View PostKoniving, on 09 April 2018 - 10:53 AM, said:

Reading Dropships and Jumpships...

There's an incident that sounds like it could be any number of things, including alien intervention and/or dimensional traveling... in April, 2128, the FTL Colony Ship "Liberator" jumped out of the Sol system but never arrived at its destination and never heard from again.

From what I understand, the only other time something like this happened.... led to "Far Country" and the alien race Tetatae.

According to the Tetatae page, they first encountered humans in 2510 though it isn't said where they were from. It is clear however that those humans did not possess any military equipment or mechs.


This is explained in the Far Country novel.

The basic gist is that there's a cosmic fault line for lack of a better term that runs through human space and the Tetatae planet. On rare occasions, the fault line becomes active, and if a Jumpship is jumping out of certain star system when that happens, it gets carried to the Tetatae planet instead of its intended destination. This cosmic fault line is totally unknown to human science, and two misjumps in over 500 years isn't enough to clue anyone to its existence. Hell, no one in the Inner Sphere in the 3050s even remembers that the first misjump happened.

That said, misjumps are known to happen even if they're rare. The ones actually described aren't the only ones to ever exist in the BT universe.

For that matter, there's a third described misjump in TT Lore. This one involves the SLS Manassas, which suffered a misjump that took it 274 years into the future.

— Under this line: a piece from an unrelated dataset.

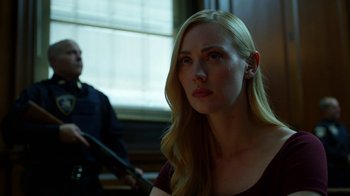 Movie still from “Daredevil” (2015), created by Drew Goddard – A woman with long blonde hair is looking to her left; Close Up shot, Over the shoulder angle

And on the topic of who was what on the Tetatae planet, the humans that colonized the planet in 2510 were DCMS soldiers who were jumping out of the same system that the new arrivals in the 3050s were jumping out of. However, since the original arrivals were SOLDIERS on a military mission, they couldn't maintain their 26th century equipment for very long and reverted to ~19th century tech base with some steampunkishness (steam tanks for example). The "advanced" Tetatae living in villages are basically the natives the colonists enslaved to support their new colonies.

The new arrivals in the 3050s were a merc lance hired by the Draconis Combine for an anti-Clan mission of some kind plus a squad of DCMS troops.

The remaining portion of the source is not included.